I've been going to the Alemany market about every weekend for the past year as part of a project, and finally got around to buying a little jar of honey at the Mint Hill Apiary stand a few months back.

Growing up in rural Connecticut, my uncle had his own hives and produced honey for us every year, so I never tasted commercial honey until I was in college, my uncle died, and our supplies ran out.

The honey he made was complex: rich, aggressively grassy, and decidedly seasonal. The spring honey looked and tasted different than summer honey; '92 had a different flavor than '98. After his, every honey I tried was disappointing. One note, sickly sweet, like boiled down Pepsi.
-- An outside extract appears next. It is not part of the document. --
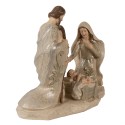 Clayre & Eef Beeld Kerstgroep 23 cm Beige Polyresin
Mint Hill (summer '06) was a shocker: the punchy, grassy top note, which settled into an herby flavor, tasted quite like my uncle's honey. Mint Hill honey is made from hives located in the Castro district of San Francisco.

It was so good I ran out of honey in about three months. I needed some for a recipe and couldn't wait for market day, so I scoured the shelves at Rainbow and bought Marshall's Farm Honey, which is made in American Canyon.

I tried the "S.F. Bay Beekeeper's Blend," a mixture of honeys from around the bay. Marshall's has a deep, smooth flavor, much subtler than the Mint Hill variety I tried.

I liked them both, but preferred the singular Mint Hill, which probably was more distinctive just by nature of being produced from hives in a more limited area.